▶ DATASET SECTION
__________

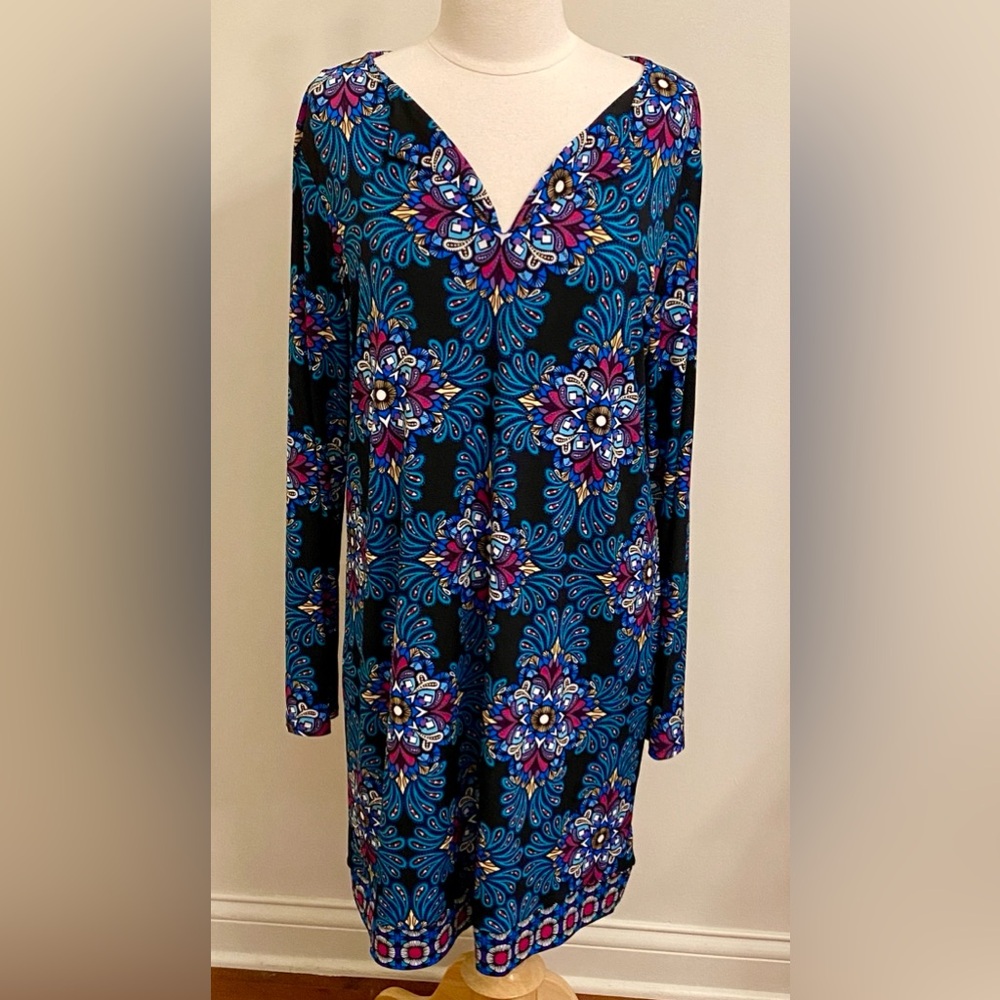 Nicole by Nicole Miller Black Blue Paisley Geometric XL Psychedelic Retro Dress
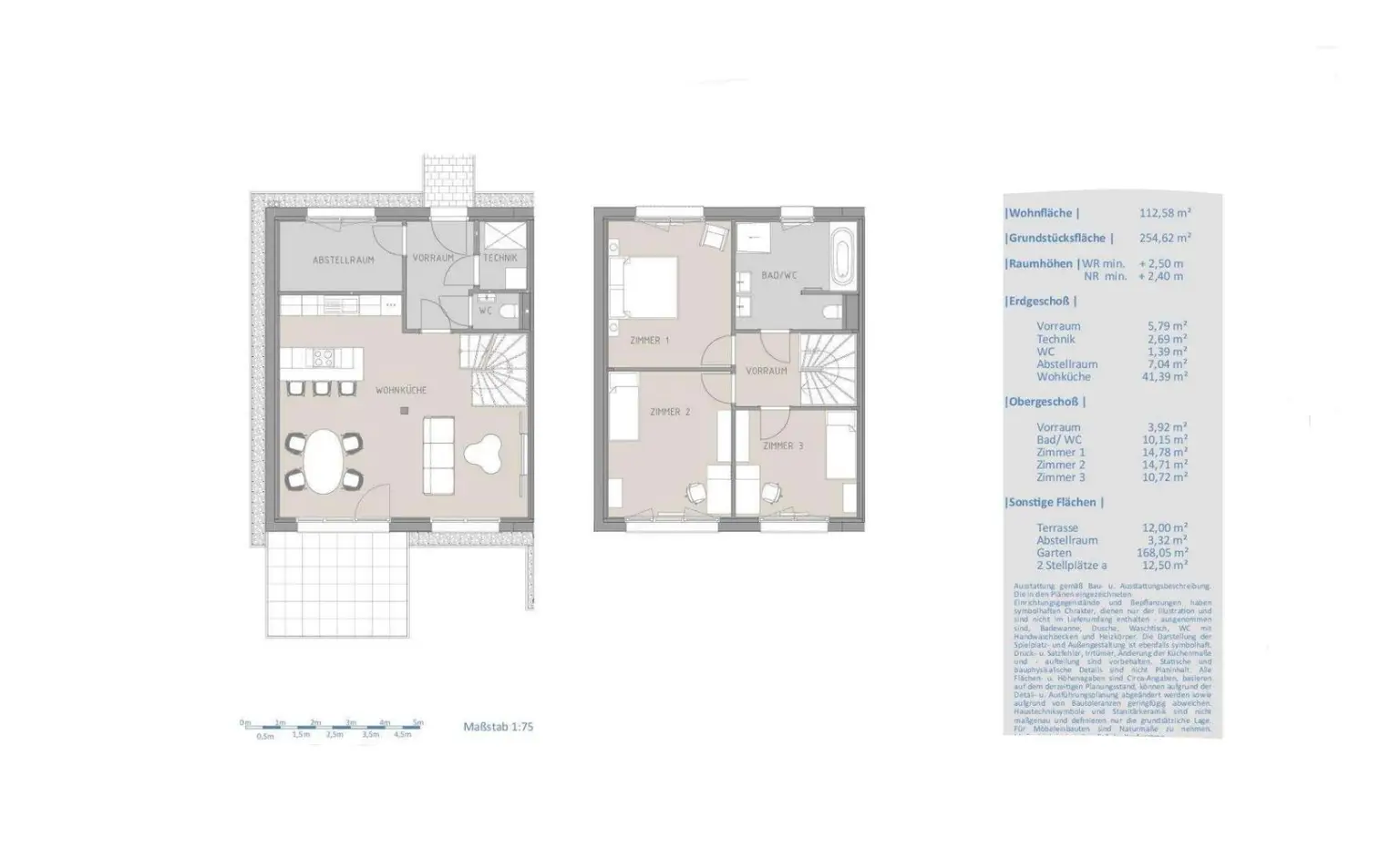 Grundriss Erdgeschoss und Obergeschoss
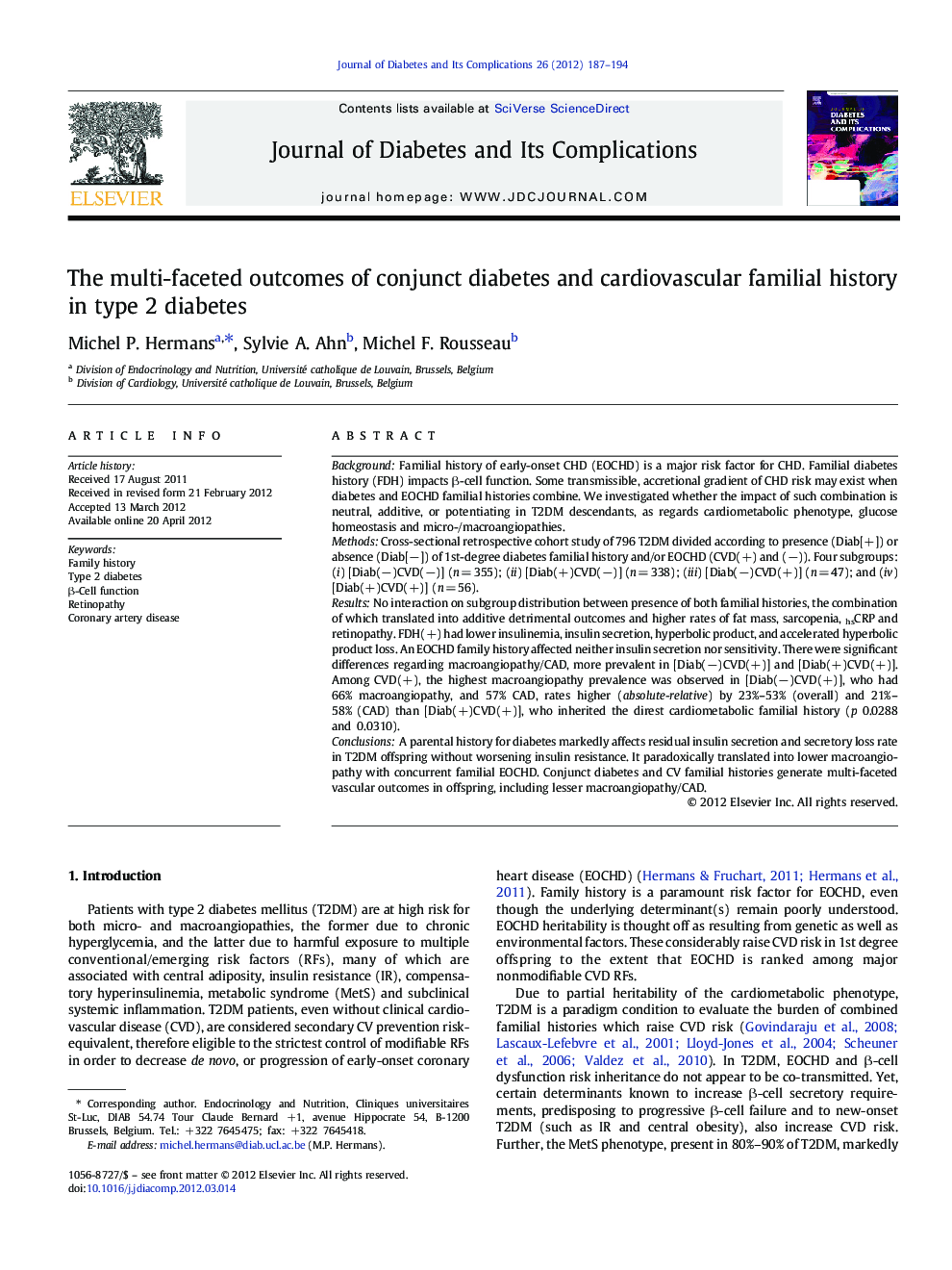 The multi-faceted outcomes of conjunct diabetes and cardiovascular familial history in type 2 diabetes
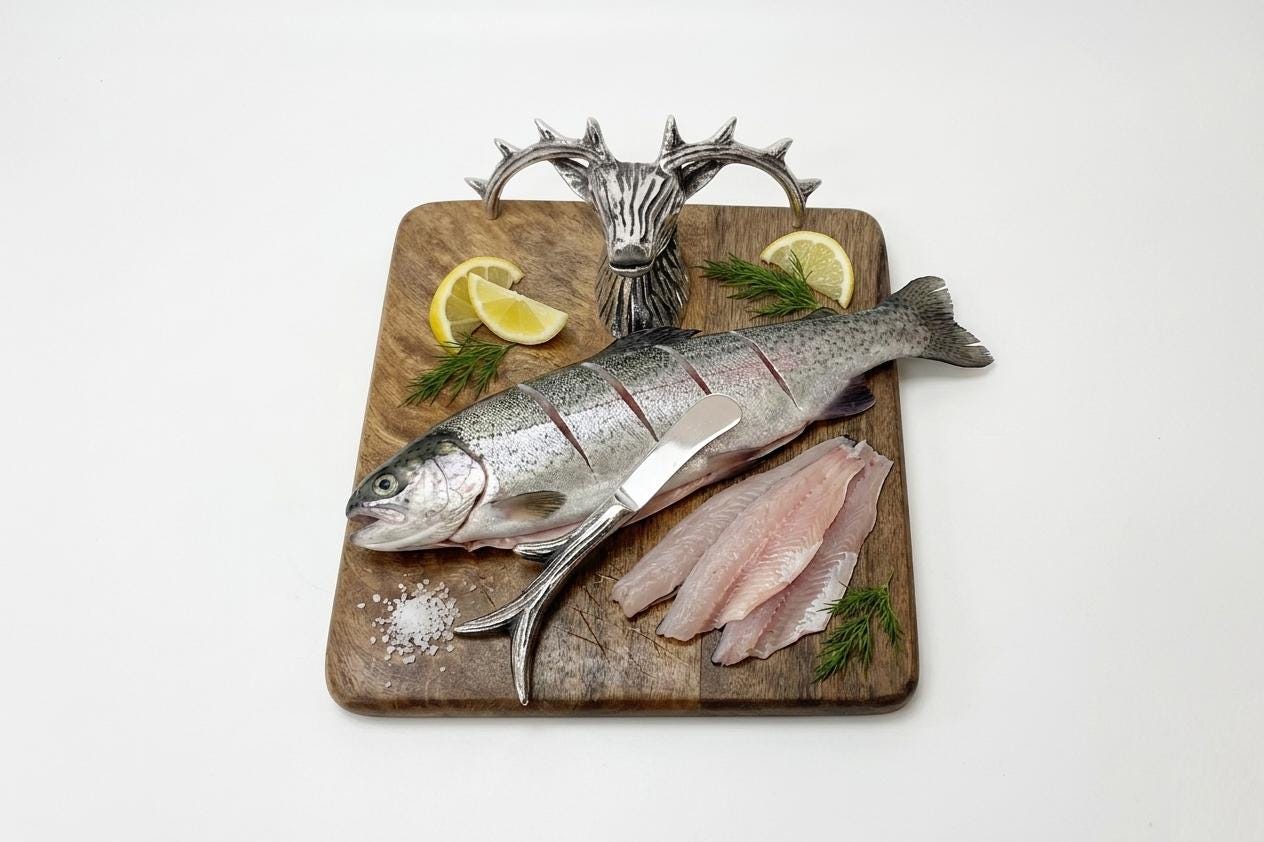 Stag Head Mango Wood Cheese Board Set with Antler Knife, Rustic Lodge Charcuterie Platter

__________

▶ PROBLEM
Exactly repeat the data above; the pictures do not belong in your copy.

▶ ANSWER FOR THIS EXERCISE
 Nicole by Nicole Miller Black Blue Paisley Geometric XL Psychedelic Retro Dress
 Grundriss Erdgeschoss und Obergeschoss
 The multi-faceted outcomes of conjunct diabetes and cardiovascular familial history in type 2 diabetes
 Stag Head Mango Wood Cheese Board Set with Antler Knife, Rustic Lodge Charcuterie Platter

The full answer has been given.